Plan d'action territoriaux
L’éducation à l’environnement doit pouvoir
travailler en relation directe avec tous ces territoires,
au travers de leurs politiques et projets
« La mise en oeuvre de l’éducation à l’environnement se fait toujours à une échelle donnée : celle de la commune ou du territoire intercommunal, du département, de l’Europe, de la planète…
Sur chacun de ces territoires, de grands enjeux existent en matière d’environnement : sont‐ils toujours apparents, débattus, exprimés ? Pense‐t‐on suffisamment que les citoyens, jeunes ou adultes, sont les premiers concernés par ces enjeux ? Comment se raisonnent la réponse collective et la participation de chacun à leur résolution ? Comment les actions éducatives autour de l’environnement sont‐elles positionnées dans ce débat ? L’éducation à l’environnement doit pouvoir travailler en relation directe avec tous ces territoires, au travers de leurs politiques et projets. » (Extrait du plan national d'action - 2002)
Un plan national d'action
Ce plan national d’action pour le développement de l’éducation à l’environnement rédigé par le Collectif français de l’éducation à l’environnement (CFEE) en 2000 propose d’inciter chaque échelon territorial à développer des politiques locales d’éducation à l’environnement et notamment :
• De favoriser à chaque échelon territorial (régional, départemental, parcs, pays et agglomération, intercommunal, communal) la constitution de lieux et de dispositifs de concertation par le développement et le suivi des actions
d’éducation à l’environnement,
• De favoriser la relation entre décideurs, publics et praticiens en vue de développer l’éducation à l’environnement (investir les lieux de décision et de débat),
• D’inscrire un volet éducation à l’environnement dans les politiques territoriales : contrat de plan Etat‐région, plan départemental, contrat de pays, contrat de ville, contrat éducatif local, document d’application des programmes européens, charte environnement, charte des PNR…
• D’accompagner toute politique locale d’environnement d’un volet éducatif (exemple : un schéma de collecte de déchets, un contrat de rivière…).
Des conventions et des plans dans les régions et les départements
En presque une décennie, les choses ont évolué et de nombreux territoires, accompagnés ou non par des associations et réseaux d’éducation à l’environnement, se dotent désormais de politiques territoriales d’éducation à l’environnement.
Si des politiques territoriales ont de fait été définies, le porteur de projet en éducation à l’environnement pourra chercher à y inscrire son projet.
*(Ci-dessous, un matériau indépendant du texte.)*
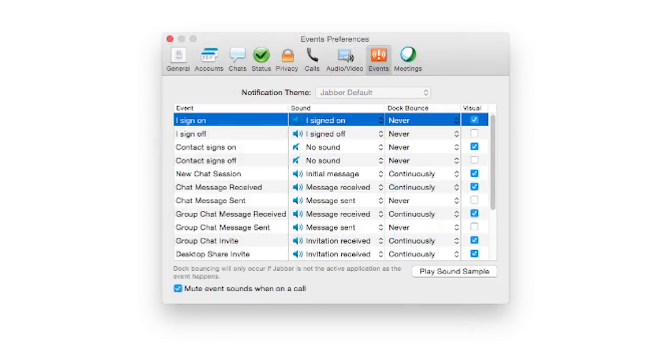You can designate how Jabber will handle many different types of events such as sounds that are played. Thank you for watching Cisco Jabber installation and configuration for Mac.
Si ce n’est pas le cas, il pourra peut‐être jouer un rôle non négligeable dans l’impulsion d’une telle politique sur son territoire. D'où l'importance de prendre en compte les réalités de son territoire d’action.
Au sein d’une région
Les régions ont pour vocation principale le développement économique. Le conseil régional se doit en effet de « promouvoir le développement économique et social, sanitaire, culturel et scientifique de la région et l'aménagement de son territoire et pour assurer la préservation de son identité ». Les régions ont également des compétences en matière d’équipements publics, de formation professionnelle, de gestion des lycées, de financement de l’art contemporain. Au‐delà de ces compétences génériques, les régions s’impliquent en faveur de l’environnement et même de l’éducation à l’environnement.
Au sein d’un département
Les départements ont pour compétences l’action sociale et sanitaire (aide sociale à l’enfance, aide aux handicapés, aux personnes âgées, insertion sociale et professionnelle…), l’aménagement de l’espace et l’équipement, l’éducation, la culture et le patrimoine (gestion des collèges, bibliothèques centrales de prêt, schéma de développement des enseignements artistiques…), les actions économiques. Les départements se dotent de politiques environnementales.